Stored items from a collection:
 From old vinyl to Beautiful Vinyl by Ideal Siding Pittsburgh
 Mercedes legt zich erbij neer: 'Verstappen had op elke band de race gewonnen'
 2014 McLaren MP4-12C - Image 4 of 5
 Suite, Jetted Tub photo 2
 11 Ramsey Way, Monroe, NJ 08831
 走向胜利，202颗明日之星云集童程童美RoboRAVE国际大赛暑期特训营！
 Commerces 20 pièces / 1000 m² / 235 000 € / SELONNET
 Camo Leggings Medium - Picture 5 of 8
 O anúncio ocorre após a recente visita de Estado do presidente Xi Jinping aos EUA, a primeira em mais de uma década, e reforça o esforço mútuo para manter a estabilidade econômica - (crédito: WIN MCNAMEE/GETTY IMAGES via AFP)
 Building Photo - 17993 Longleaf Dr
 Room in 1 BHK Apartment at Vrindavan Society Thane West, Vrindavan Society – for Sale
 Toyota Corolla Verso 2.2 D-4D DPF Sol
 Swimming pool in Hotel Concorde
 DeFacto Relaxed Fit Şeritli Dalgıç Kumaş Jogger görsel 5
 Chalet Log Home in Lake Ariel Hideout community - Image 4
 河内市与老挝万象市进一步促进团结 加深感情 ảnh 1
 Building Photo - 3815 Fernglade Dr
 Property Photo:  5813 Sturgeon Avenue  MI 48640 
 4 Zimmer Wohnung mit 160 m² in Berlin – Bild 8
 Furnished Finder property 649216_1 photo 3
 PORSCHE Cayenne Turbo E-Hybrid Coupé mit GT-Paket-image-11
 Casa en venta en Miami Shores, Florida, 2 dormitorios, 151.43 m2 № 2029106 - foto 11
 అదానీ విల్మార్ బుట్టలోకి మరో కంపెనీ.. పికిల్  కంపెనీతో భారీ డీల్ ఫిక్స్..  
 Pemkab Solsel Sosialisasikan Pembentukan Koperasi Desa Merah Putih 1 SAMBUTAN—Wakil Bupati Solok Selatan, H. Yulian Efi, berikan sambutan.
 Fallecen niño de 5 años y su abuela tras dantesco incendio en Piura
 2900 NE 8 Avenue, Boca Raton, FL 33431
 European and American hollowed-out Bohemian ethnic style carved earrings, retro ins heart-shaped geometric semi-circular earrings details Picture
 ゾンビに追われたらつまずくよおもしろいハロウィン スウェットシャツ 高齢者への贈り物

Problem to solve:
With nothing added or dropped, reproduce all the data exactly.

Answer box:
 From old vinyl to Beautiful Vinyl by Ideal Siding Pittsburgh
 Mercedes legt zich erbij neer: 'Verstappen had op elke band de race gewonnen'
 2014 McLaren MP4-12C - Image 4 of 5
 Suite, Jetted Tub photo 2
 11 Ramsey Way, Monroe, NJ 08831
 走向胜利，202颗明日之星云集童程童美RoboRAVE国际大赛暑期特训营！
 Commerces 20 pièces / 1000 m² / 235 000 € / SELONNET
 Camo Leggings Medium - Picture 5 of 8
 O anúncio ocorre após a recente visita de Estado do presidente Xi Jinping aos EUA, a primeira em mais de uma década, e reforça o esforço mútuo para manter a estabilidade econômica - (crédito: WIN MCNAMEE/GETTY IMAGES via AFP)
 Building Photo - 17993 Longleaf Dr
 Room in 1 BHK Apartment at Vrindavan Society Thane West, Vrindavan Society – for Sale
 Toyota Corolla Verso 2.2 D-4D DPF Sol
 Swimming pool in Hotel Concorde
 DeFacto Relaxed Fit Şeritli Dalgıç Kumaş Jogger görsel 5
 Chalet Log Home in Lake Ariel Hideout community - Image 4
 河内市与老挝万象市进一步促进团结 加深感情 ảnh 1
 Building Photo - 3815 Fernglade Dr
 Property Photo:  5813 Sturgeon Avenue  MI 48640 
 4 Zimmer Wohnung mit 160 m² in Berlin – Bild 8
 Furnished Finder property 649216_1 photo 3
 PORSCHE Cayenne Turbo E-Hybrid Coupé mit GT-Paket-image-11
 Casa en venta en Miami Shores, Florida, 2 dormitorios, 151.43 m2 № 2029106 - foto 11
 అదానీ విల్మార్ బుట్టలోకి మరో కంపెనీ.. పికిల్  కంపెనీతో భారీ డీల్ ఫిక్స్..  
 Pemkab Solsel Sosialisasikan Pembentukan Koperasi Desa Merah Putih 1 SAMBUTAN—Wakil Bupati Solok Selatan, H. Yulian Efi, berikan sambutan.
 Fallecen niño de 5 años y su abuela tras dantesco incendio en Piura
 2900 NE 8 Avenue, Boca Raton, FL 33431
 European and American hollowed-out Bohemian ethnic style carved earrings, retro ins heart-shaped geometric semi-circular earrings details Picture
 ゾンビに追われたらつまずくよおもしろいハロウィン スウェットシャツ 高齢者への贈り物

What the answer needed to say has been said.